→ **WHAT YOU ARE ASKED TO DO**: All of the listing should be returned as written, apart from any picture in it.

→ **STORED DATA**:
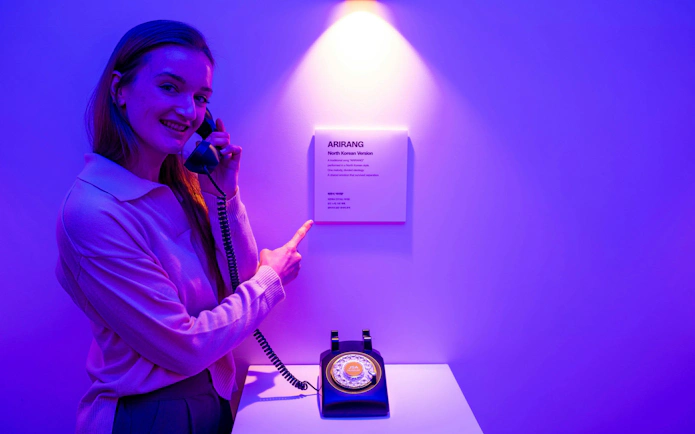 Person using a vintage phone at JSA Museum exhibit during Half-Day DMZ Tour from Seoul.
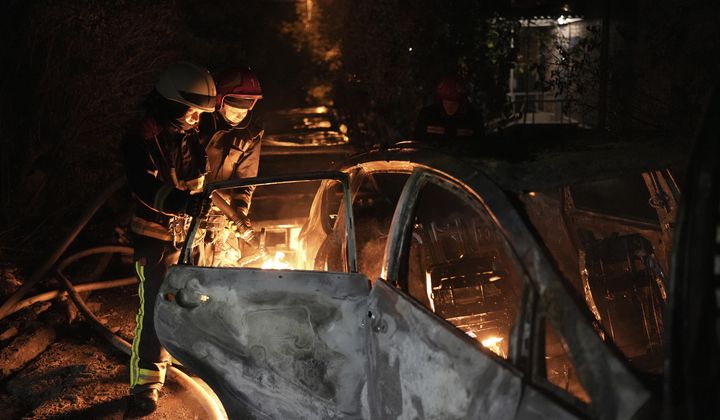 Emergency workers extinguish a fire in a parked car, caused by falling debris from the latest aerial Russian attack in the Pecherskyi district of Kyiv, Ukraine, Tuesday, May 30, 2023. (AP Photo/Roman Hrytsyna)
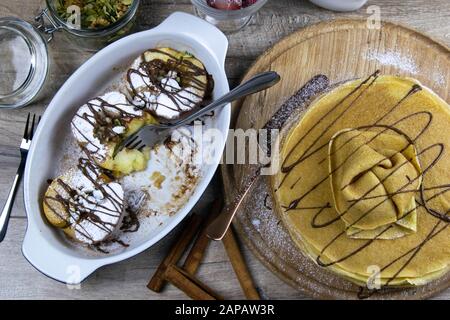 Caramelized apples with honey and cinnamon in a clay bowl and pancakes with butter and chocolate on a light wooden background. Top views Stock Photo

→ **EXPECTED ANSWER**:
 Person using a vintage phone at JSA Museum exhibit during Half-Day DMZ Tour from Seoul.
 Emergency workers extinguish a fire in a parked car, caused by falling debris from the latest aerial Russian attack in the Pecherskyi district of Kyiv, Ukraine, Tuesday, May 30, 2023. (AP Photo/Roman Hrytsyna)
 Caramelized apples with honey and cinnamon in a clay bowl and pancakes with butter and chocolate on a light wooden background. Top views Stock Photo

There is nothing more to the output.